Из-за поворота появились Кушнир и пожилой инженер из ЦКБ. Шли навстречу, разговаривали, были заняты своими производственными проблемами. Увидев Зарембу, Кушнир резко остановился, на мгновение замолк, оглядел его, Тамару, и в сощуренных глазах его мелькнуло злорадство. Он уже прошел мимо, но вдруг повернулся и окликнул Зарембу:

— Там из парткома звонили. От Сиволапа. Зайдите после смены. — И кинулся догонять своего спутника.

После четырех Заремба пошел в партком. У секретаря в кабинете находился незнакомый солидный товарищ, с которым Сиволап, видно, уже давно вел беседу. Увидев Зарембу, хмуро кивнул на него:

— Вот пусть он вам и скажет, возможно это или не возможно. Садись, Максим Петрович, помоги товарищу из министерства.

Гость, как стало ясно Зарембе, хотел докопаться до истины: почему в некоторых цехах трудно внедряется новая техника? Почему пошли жалобы, анонимки, увеличилась текучесть? Заремба, не вникая в подробности, вспомнил старого мастера Трошина. Назвал его анахронизмом, который мешает двигаться вперед. И таких трошиных немало, в каждом цехе сидят, ждут своего пенсионного часа. Тут надо делать ставку на молодых…

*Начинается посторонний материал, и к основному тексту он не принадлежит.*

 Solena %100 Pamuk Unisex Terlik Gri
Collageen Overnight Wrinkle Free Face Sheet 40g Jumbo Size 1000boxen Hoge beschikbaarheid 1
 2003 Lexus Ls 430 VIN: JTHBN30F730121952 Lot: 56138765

— А не рановато отсекать стариков от общей жизни? — усомнился товарищ из министерства и при этом многозначительно переглянулся с Сиволапом.

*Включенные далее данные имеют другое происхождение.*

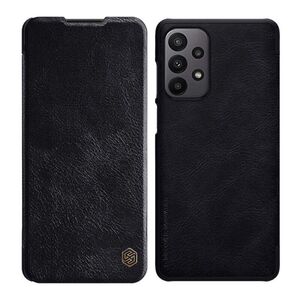 Nillkin Case for iPhone 16 - Nillkin Qin Prop Leather Case - Black 6902048281936 έως 12 άτοκες Δόσεις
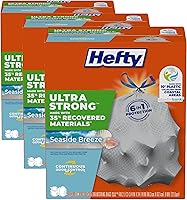 Vista 30 de Hefty Bolsas de basura ultra fuertes de 13 galones, bolsas de basura altas para cocina de 13 galones, resistentes a fugas, pinchazos y rasgaduras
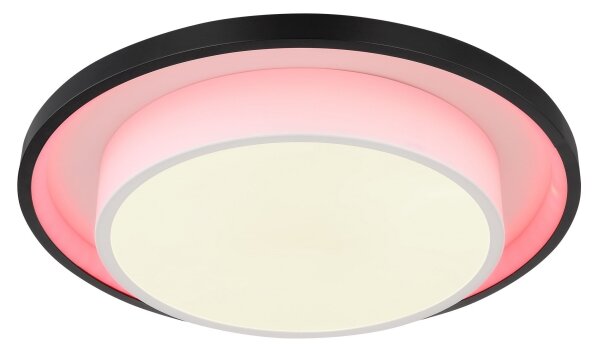 Globo 41390-21 - LED RGBW Димируем плафон MORGAN LED/21W/230V + д.у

— Я говорю не обо всех, а только о тех, кто не желают идти в ногу со временем. Вот они пусть сойдут с дистанции.

— Да вы, видать, были спортсменом?

— И сейчас занимаюсь спортом.

— Если не секрет, каким именно?

— Бегаю по заводским службам, выбиваю чертежи, заготовки, документацию, — Заремба при этих словах даже рукой провел по лбу, будто вытирая пот. — Такие иногда приходится устраивать марафоны, что куда там олимпийским нашим героям!

Товарищ из министерства сделал в блокноте кое-какие записи, пожал руку Сиволапу, сдержанно попрощался с Зарембой и ушел. У Сиволапа было угрюмое выражение лица.

— Ты сейчас иди к Костыре, — сказал он, листая свои бумаги. — Только, пожалуйста, не горячись. И никаких заявлений не подписывай… Возьми себя в руки.

Вот оно, подумал Заремба. Он знал, что сегодняшний день так просто не кончится. С самого утра что-то гвоздем торчало в мозгу, потом этот приход Пшеничного, его предостережение, потом этот товарищ из министерства, намекавший на жалобы и анонимки…

— Если директор ждет от меня заявление об уходе, напишу немедленно, — вспыхнул Заремба.

— Вы этого не сделаете, — твердо произнес Сиволап и встал из-за стола. — Ваше личное дело касается и парткома.

Значит, было уже «личное дело».

Заремба вышел. Он чувствовал, что все рушится, все летит в тартарары, и, возможно, уже решилось, именно так решилось, как хотелось бы некоторым. Тому же Кушниру. Или Трошину… Ну, хватит! Заявление и — все. Хоть сейчас на стол.